The performance of the filesystem depends on how much buffer cache is available, and on the frequency of the snapshots. Snapshots occur periodically (every 10 seconds, or as specified by the snapshot option to fs-qnx6.so), and when you call sync() for the entire filesystem, or fsync() for a single file.
- an
open(O_CREAT|O_TRUNC)to make the file - a bunch of write() operations to copy the data
- a close(), chmod(), and chown() to copy the metadata
Each snapshot is a valid point-in-time view of the filesystem (i.e., if you've copied 50 MB, the size is 50 MB, and all data up to 50 MB is also correctly copied and available). If there's a power failure, the filesystem is restored to the most recent snapshot. But the filesystem has no concept that the sequence of open(), write(), and close() operations is really one higher-level operation, cp. If you want the higher-level semantics, disable the snapshots around the cp, and then the middle snapshots won't happen, and if a power failure occurs, the file will be either complete or not there at all.

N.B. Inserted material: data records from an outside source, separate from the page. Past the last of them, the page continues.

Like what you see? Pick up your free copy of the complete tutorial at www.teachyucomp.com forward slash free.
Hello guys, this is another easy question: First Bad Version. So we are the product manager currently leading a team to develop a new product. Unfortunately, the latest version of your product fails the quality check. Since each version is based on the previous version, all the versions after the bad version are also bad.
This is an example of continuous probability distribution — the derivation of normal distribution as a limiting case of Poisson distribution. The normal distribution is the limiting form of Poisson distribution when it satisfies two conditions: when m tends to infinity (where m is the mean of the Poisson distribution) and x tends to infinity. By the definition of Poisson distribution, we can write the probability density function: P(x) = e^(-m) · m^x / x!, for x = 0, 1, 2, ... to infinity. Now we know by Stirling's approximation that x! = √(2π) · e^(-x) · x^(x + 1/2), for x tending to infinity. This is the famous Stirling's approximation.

For more information about using this filesystem, see
Power-Safe filesystem
in the Working with Filesystems chapter of the
QNX OS User's Guide.
Defragmentation
The defragmentation operation can run in the foreground, the background, or both. This operation affects only regular files; other files types (directories, FIFOs, sockets, symlinks, etc.) are ignored. For the foreground mode, the defragmentation work is done by a resource manager thread when a file is opened is reading, thereby affecting the file's open latency. For the background mode, the work is done by a dedicated thread that is created when the filesystem is mounted (and then terminated when it is unmounted); this does not affect file open latency as much because a file is enqueued for background defragmentation only after it has been opened (for reading and/or writing) and then closed.
There are file size constraints that determine whether a given file gets selected for foreground defragmentation or for background defragmentation. A file gets enqueued for background defragmentation if its size is lower than a certain threshold. Similary, there is a maximum size threshold for a file to be selected for foreground defragmentation. The rationale for having these maximum size thresholds is to limit the amount of work that needs to be done, especially in foreground mode, where the opening of a file is delayed until defragmentation is complete.

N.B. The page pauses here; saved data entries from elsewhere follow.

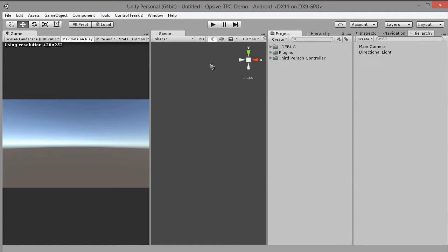Hi, I'm DigitalDan and welcome to my new video. In this episode I'll show you how to use Control Freak 2 with OPSY third-person controller.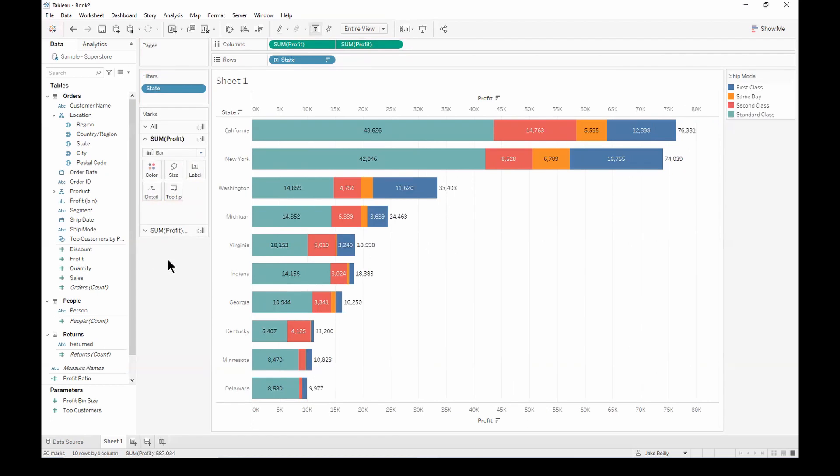So we're now left with a stacked bar chart, which shows the value of the profit for each ship mode within the state, but also the total profit within that state.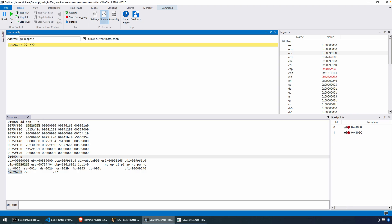What would happen if you did not get the program to go to that address? Well, you just have to look at the stack and the program to figure out where you were off — what did you miscalculate? You should be able to determine where the miscalculation is by looking at the memory layout, the stack, and the return address to figure out where the buffer went wrong.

The background thread is started only if the fs-qnx6.so option defrag is enabled. This same option is used to configure other defragmentation settings, such as the delay for starting any defragmentation operations from when the filesystem is mounted, the required idle period for resuming background operations, and more. For full information about these settings, see the fs-qnx6.so defrag description in the Utilities Reference.